Proving that $\mathbb{Z}(p)$ is a ring

Question

Let $p$ be prime. Prove that $\mathbb{Z}(p)= \{a/b\ |\ a,b \text{ are elements of $\mathbb{Z}$ and $\gcd(b,p)=1$}\}$ is a ring. (This is called the ring of integers localized at $p$.)

What should be the first step that I should do? Should I show that it is closed under addition, multiplication and inverse since $\mathbb{Z}$ must contain $0$.

Any hint..??

Answer 1

Any time you want to prove that a set $(R,\cdot, +)$ is a ring, you must prove the same things:

1. $(R,+)$ is an abelian group
2. $\cdot$ is an associative operation
3. For all $a,b,c$ in $R$, the equalities $a\cdot (b+c) = a\cdot b + a\cdot c $ and $(a+b)\cdot c = a\cdot c + b\cdot c$ hold.

Answer 2

I am going to use the notation $\mathbb{Z}_{(p)}$ for $\mathbb{Z}(p)$.

Your definition of $\mathbb{Z}_{(p)}$ suggest that you view it as subset of $\mathbb{Q}$ with the multiplication and addition inherited.
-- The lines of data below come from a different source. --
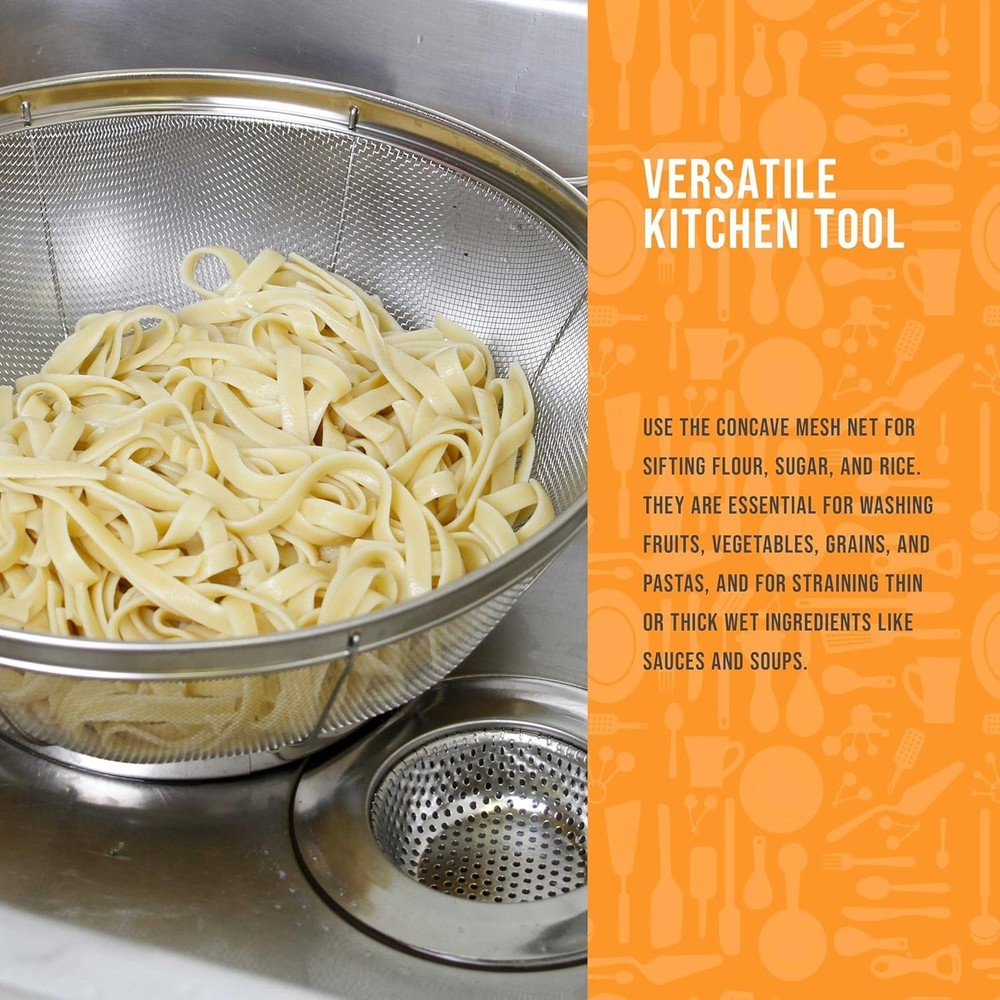 Stylish Stainless Steel Colander Set: 3 Nestable Sizes for Efficient Kitchen Use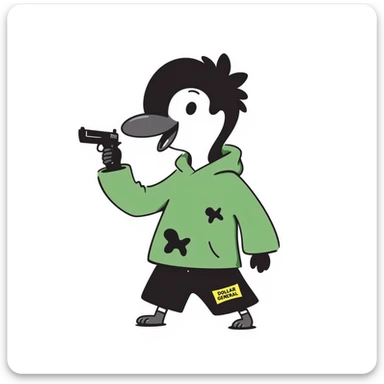 A cute but tough half-dolphin half-penguin thug holding a small gun, wearing a green hoodie with blood stains and Dollar General branded shorts sticker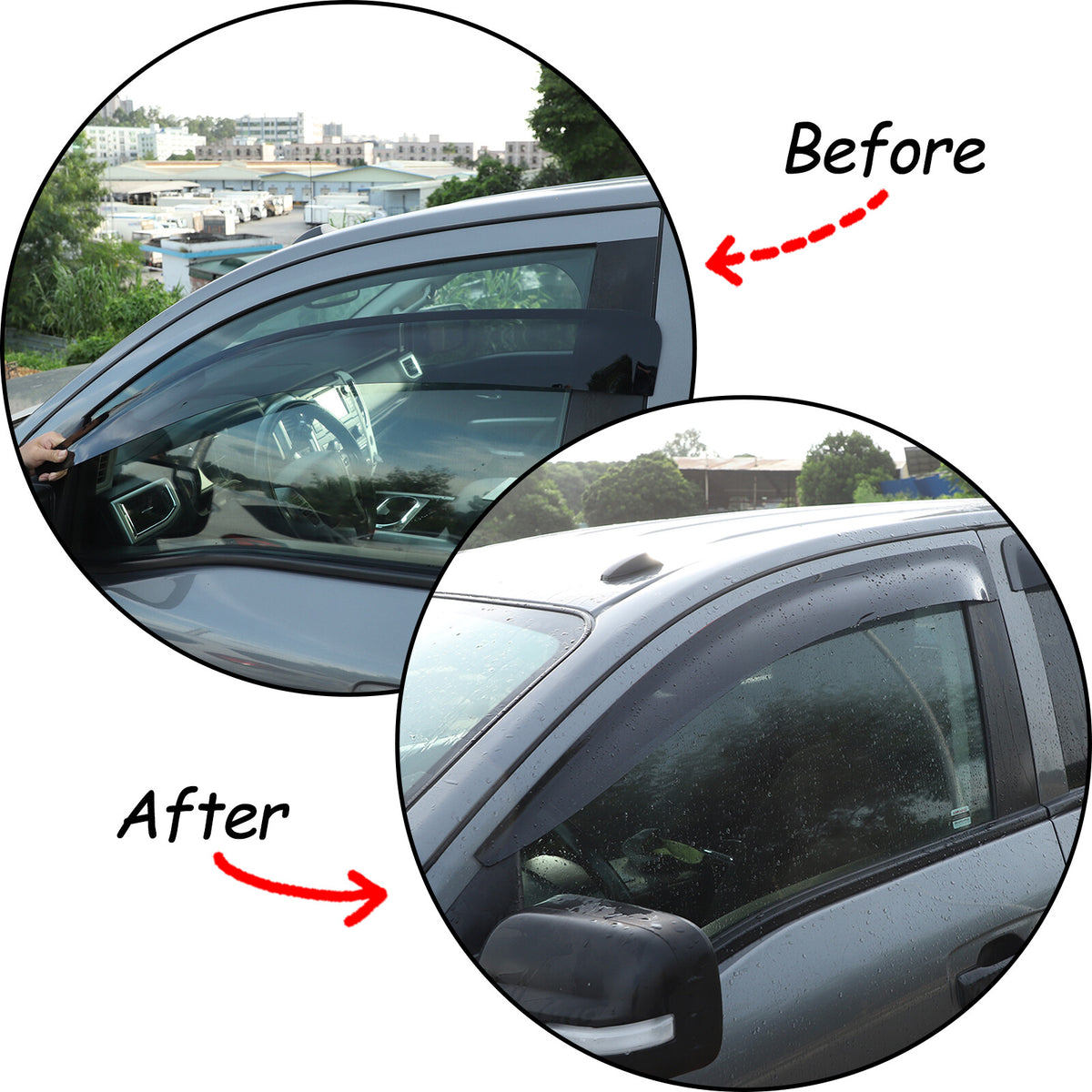 Black Window Rain Guards Visor Rain Guard Wind Deflectors For Nissan Titan 16-23 19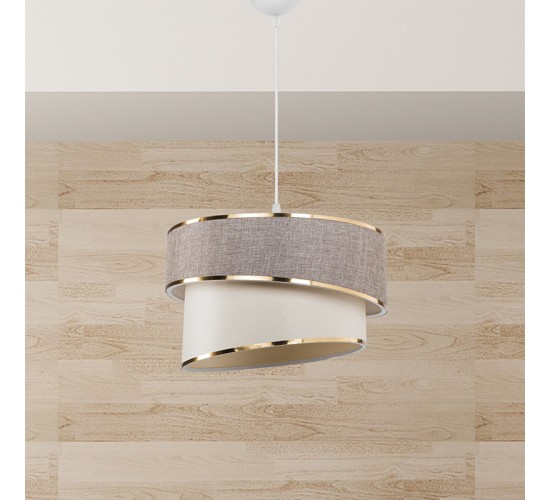 Φωτιστικό οροφής μονόφωτο Loopy Ε27 μπεζ-λευκό Φ30x18εκ Υλικό: FABRIC 147-000134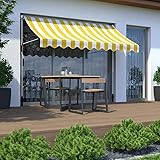 Ausziehbare manuelle Gelenkarmmarkise für Balkon, Terrasse, Sonnenschutz, UV-Schutz, wasserdicht, 3 x 1,5 m, Farbe A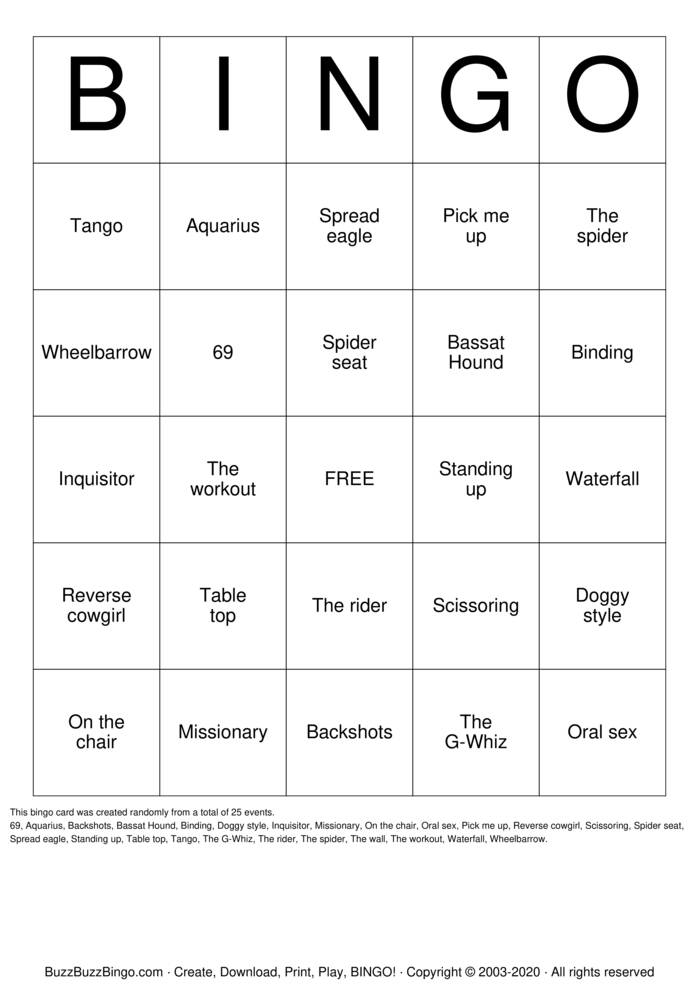 Download Free SEX positions Bingo Cards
This means that you actually should show that $\mathbb{Z}_{(p)}$ is a subring of $\mathbb{Q}$.

This boils down to:

1. Show that $1 \in \mathbb{Z}_{(p)}$.
2. Show that for all $a,b \in \mathbb{Z}_{(p)}$, also $a - b \in \mathbb{Z}_{(p)}$.
3. Show that for all $a,b \in \mathbb{Z}_{(p)}$, also $a \cdot b \in \mathbb{Z}_{(p)}$.

Alternatively, instead of (2.), you can show

• for all $a,b \in \mathbb{Z}_{(p)}$, also $a + b \in \mathbb{Z}_{(p)}$, and $-a \in \mathbb{Z}_{(p)}$.